All you need to know about insurance terms: Co-insurance

Curious about terms like co-insurance? If you are, read on...At some point of our lives, almost all of us will need to have insurance of some sort. There are various types of insurance, covering a broad array of products, from car insurance and annuities to life insurance. And of course, when you are buying any insurance policies, it is your duty to do your due diligence. Check for all terms and conditions before buying into one. In this article, I will talk mainly about co-insurance.

A co-insurance is an agreement between the insurance company and you whereby the insurance company will pay a percentage of the losses incurred and you wil pay the rest. Take for example a 90/10 co-insurance. This agreement simply means that you have to pay 10% of the damage and the insurance companies will cover the rest. Many companies are using this plan instead of the old co-pay structure.

Here, I am going to talk about the difference between co-pay and co-insurance. Co-pay is basically the same as co-insurance but instead of percentage, you pay a fixed amount of money to cover the losses. Let's do an example. Say, you suffer a loss of $1000. Now, in the co-pay structure, you are obligated to pay a fixed amount of money, say $200, each time the insurance service is assessed. But under the co-insurance structure, assuimg 90/10, you will pay $100 and the insurance company will pay $900. But in the real world, such things do not happen often because we have something called a deductible. What is a deductible? Don;t worry! I will explain it later.

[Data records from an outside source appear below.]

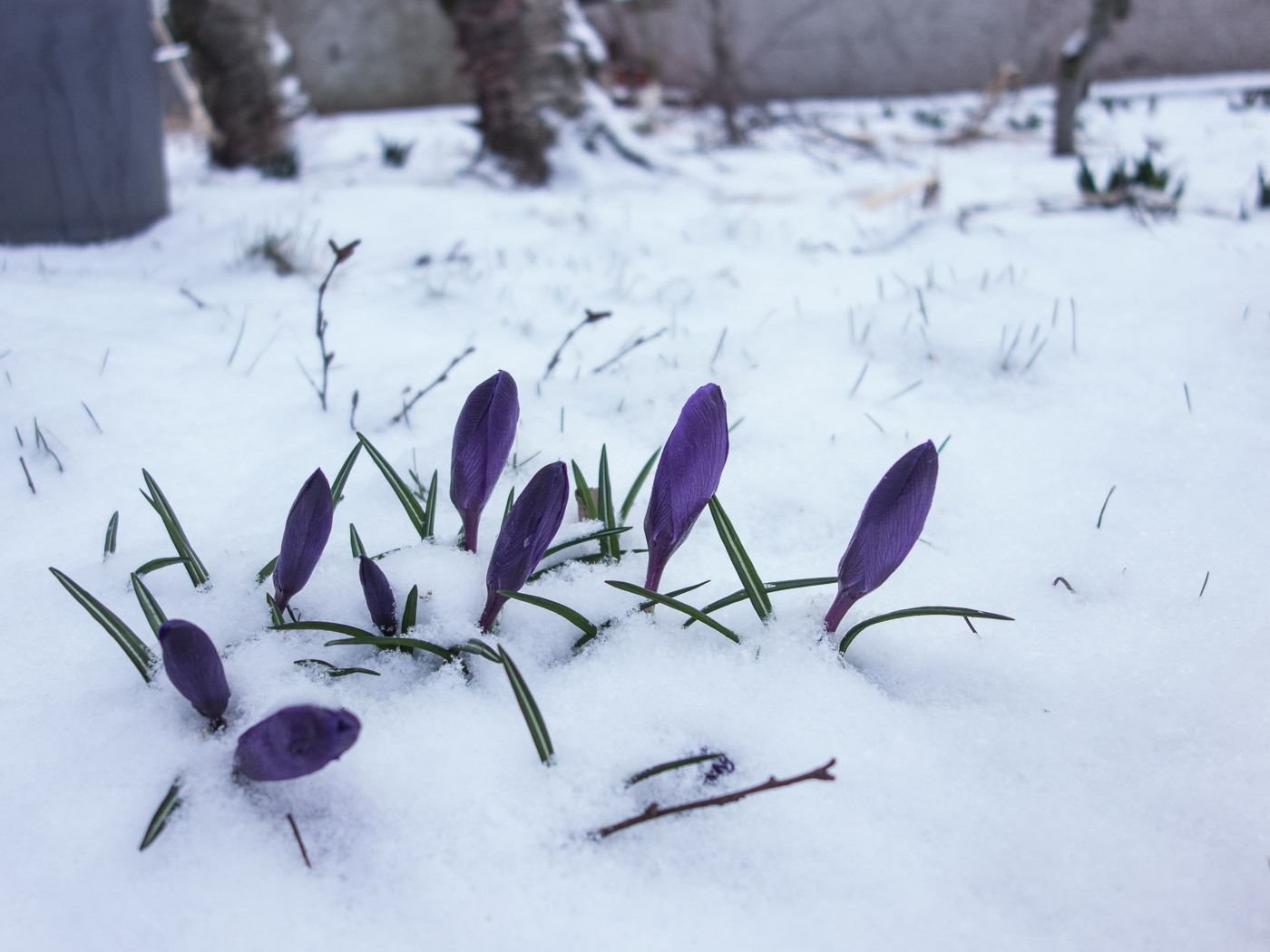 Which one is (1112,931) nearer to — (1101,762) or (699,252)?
(1101,762)

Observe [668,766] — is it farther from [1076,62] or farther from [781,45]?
[781,45]

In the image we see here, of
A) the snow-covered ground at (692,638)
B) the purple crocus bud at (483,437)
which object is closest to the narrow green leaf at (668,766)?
the snow-covered ground at (692,638)

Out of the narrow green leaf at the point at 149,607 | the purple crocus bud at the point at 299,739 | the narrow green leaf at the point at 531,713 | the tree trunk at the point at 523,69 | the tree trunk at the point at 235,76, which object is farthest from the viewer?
the tree trunk at the point at 235,76

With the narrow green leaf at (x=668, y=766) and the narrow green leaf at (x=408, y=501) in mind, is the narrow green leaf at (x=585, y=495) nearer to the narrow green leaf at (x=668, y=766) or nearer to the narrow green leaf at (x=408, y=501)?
the narrow green leaf at (x=408, y=501)

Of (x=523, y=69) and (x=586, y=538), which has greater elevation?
(x=523, y=69)

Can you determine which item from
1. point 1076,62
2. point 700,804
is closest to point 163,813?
point 700,804

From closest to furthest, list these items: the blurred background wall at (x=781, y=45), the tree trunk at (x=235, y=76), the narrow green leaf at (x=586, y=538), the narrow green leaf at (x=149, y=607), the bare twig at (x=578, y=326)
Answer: the narrow green leaf at (x=149, y=607) < the narrow green leaf at (x=586, y=538) < the bare twig at (x=578, y=326) < the tree trunk at (x=235, y=76) < the blurred background wall at (x=781, y=45) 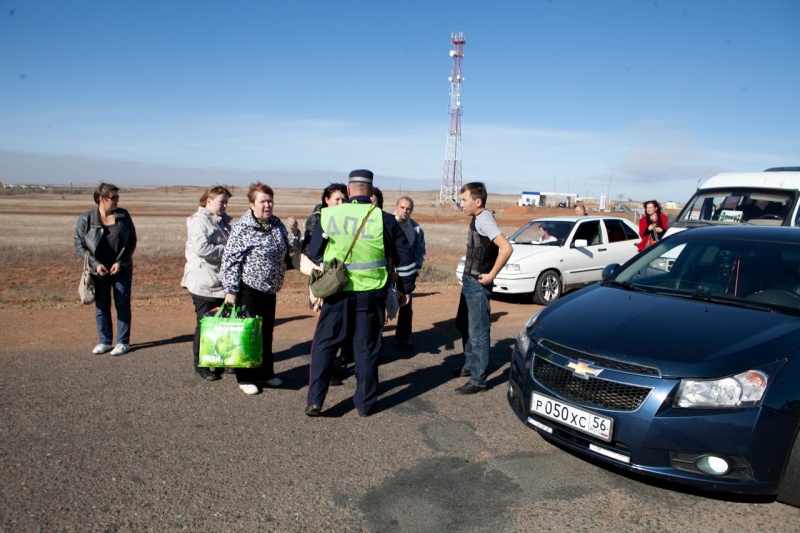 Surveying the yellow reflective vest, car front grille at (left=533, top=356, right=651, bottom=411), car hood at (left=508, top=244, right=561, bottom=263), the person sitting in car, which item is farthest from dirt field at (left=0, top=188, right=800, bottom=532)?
the person sitting in car

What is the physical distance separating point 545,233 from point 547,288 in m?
1.26

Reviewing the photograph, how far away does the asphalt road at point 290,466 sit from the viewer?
3.36m

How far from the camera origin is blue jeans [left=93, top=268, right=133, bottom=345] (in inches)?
255

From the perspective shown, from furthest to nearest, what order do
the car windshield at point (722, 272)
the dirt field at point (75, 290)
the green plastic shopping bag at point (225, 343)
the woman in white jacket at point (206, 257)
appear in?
the dirt field at point (75, 290) < the woman in white jacket at point (206, 257) < the green plastic shopping bag at point (225, 343) < the car windshield at point (722, 272)

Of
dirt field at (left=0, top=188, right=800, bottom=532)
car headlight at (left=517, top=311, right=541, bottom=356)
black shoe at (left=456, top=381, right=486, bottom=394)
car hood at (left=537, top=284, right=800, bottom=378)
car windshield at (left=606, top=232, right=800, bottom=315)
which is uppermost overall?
car windshield at (left=606, top=232, right=800, bottom=315)

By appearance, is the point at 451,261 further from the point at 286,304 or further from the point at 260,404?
the point at 260,404

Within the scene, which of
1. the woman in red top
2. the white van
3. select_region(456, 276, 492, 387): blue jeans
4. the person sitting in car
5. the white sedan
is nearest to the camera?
select_region(456, 276, 492, 387): blue jeans

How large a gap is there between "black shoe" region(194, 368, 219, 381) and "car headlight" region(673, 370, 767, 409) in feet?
13.2

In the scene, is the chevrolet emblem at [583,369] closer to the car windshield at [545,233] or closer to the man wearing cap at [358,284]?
the man wearing cap at [358,284]

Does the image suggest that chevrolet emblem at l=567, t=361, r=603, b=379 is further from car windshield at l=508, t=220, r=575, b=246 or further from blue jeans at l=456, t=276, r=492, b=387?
car windshield at l=508, t=220, r=575, b=246

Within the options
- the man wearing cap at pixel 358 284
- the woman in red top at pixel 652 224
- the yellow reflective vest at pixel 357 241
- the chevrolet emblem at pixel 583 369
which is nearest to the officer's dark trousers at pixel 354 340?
the man wearing cap at pixel 358 284

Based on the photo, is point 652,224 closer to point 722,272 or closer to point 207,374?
point 722,272

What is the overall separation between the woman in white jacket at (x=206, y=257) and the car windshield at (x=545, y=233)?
23.8 feet

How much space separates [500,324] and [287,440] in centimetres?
521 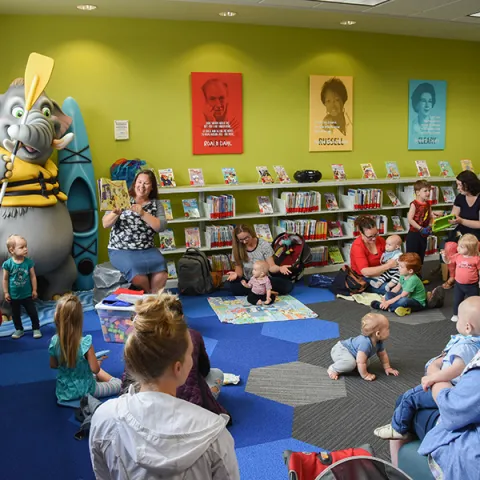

The main reason why co-pay and co-insurance are created is to prevent moral hazard. Can you imagine what will happen if insurance is not regulated? So, let's say you buy a health insurance. Knowing that the insurance company will cover the medical bills for you, consumers will always have the incentive to get insurance companies to pay for 'every single damn thing'. The more the better, since we pay a hefty sum in premium, we might as well just make full use of it. So, naturally, insurance companies protect themselves with co-pay and co-insurance. You either fork some money out from your pocket or pay a fixed amount of money to use the service. Usually, the fixed amount you pay is more than the cost of the treatment itself. Co-insurance, for example, also prevents people from destroying their own properties to claim benefits. So, you insure your house for $80000. Without co-insurance, you burn your house down and you get the full amount but with co-insurance, if you burn your house down, you will only get a fraction of the money. Hence, there is no incentive for policy holders to destroy their own properties for money.

By now, I hope you have a clear idea of how co-insurance and co-pay work. Since there is a huge selection of insurance companies on the net, again, I will advice you to do your research properly without committing yourself to any insurance policies.